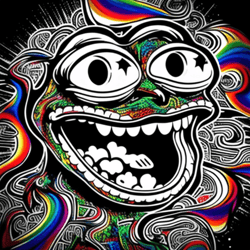 PsychoPepez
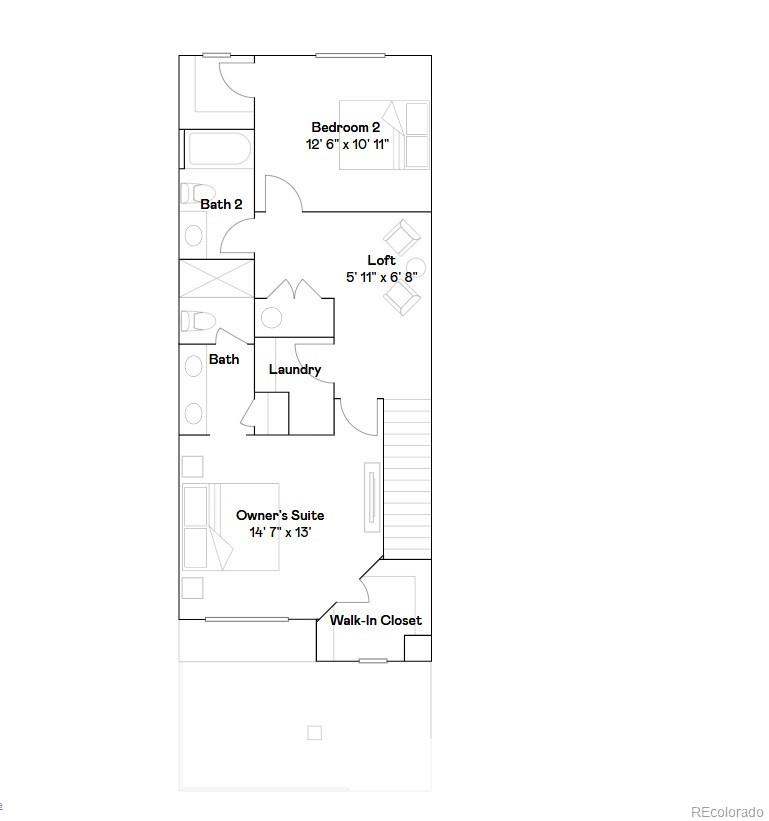 15231 Clayton St, Thornton, CO 80602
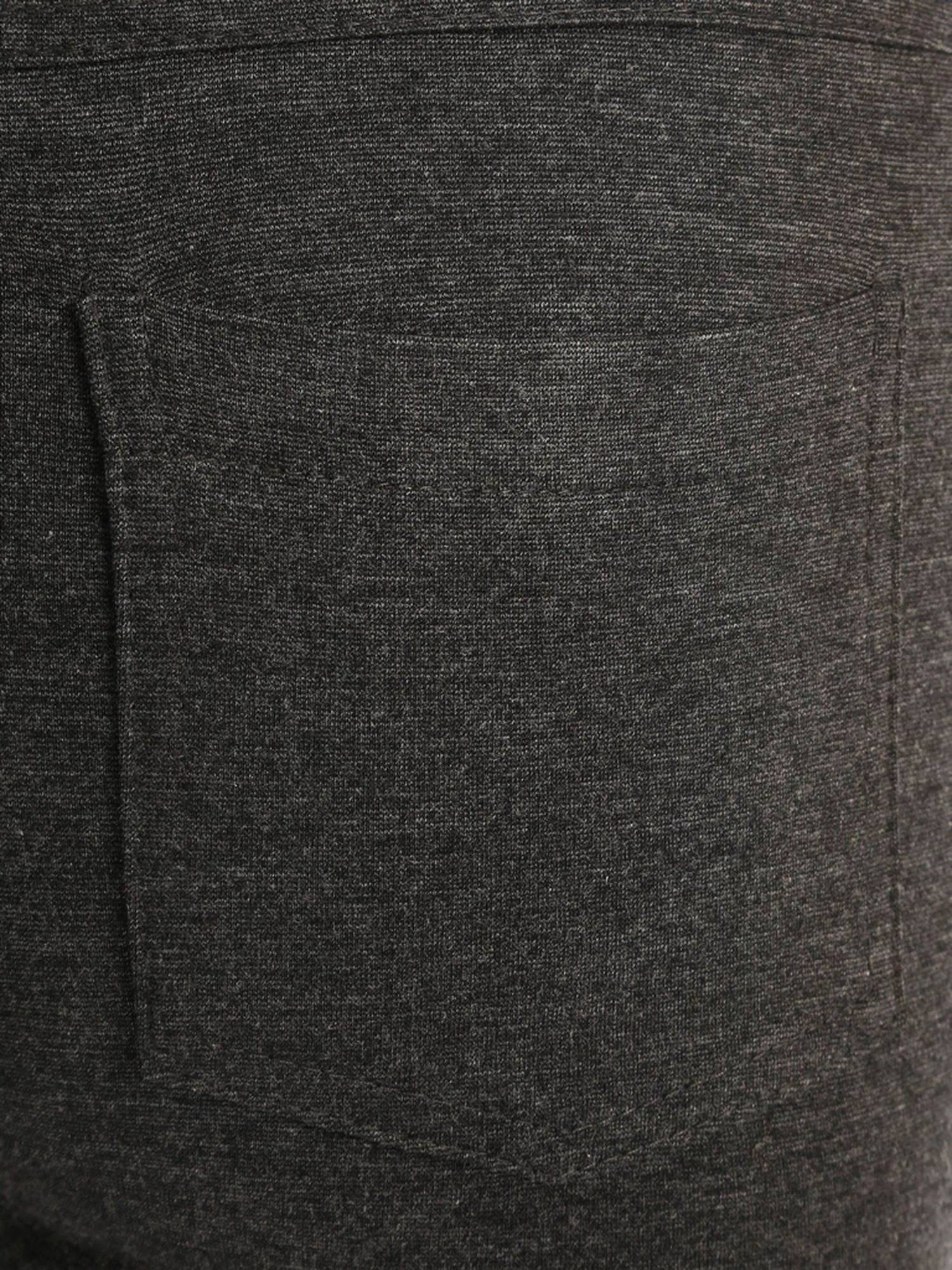 Pantaloni Grigio Animagemella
● ● ● ●
Exercise details:
Could you return the whole listing exactly, images excluded?

Your response:
 PsychoPepez
 15231 Clayton St, Thornton, CO 80602
 Pantaloni Grigio Animagemella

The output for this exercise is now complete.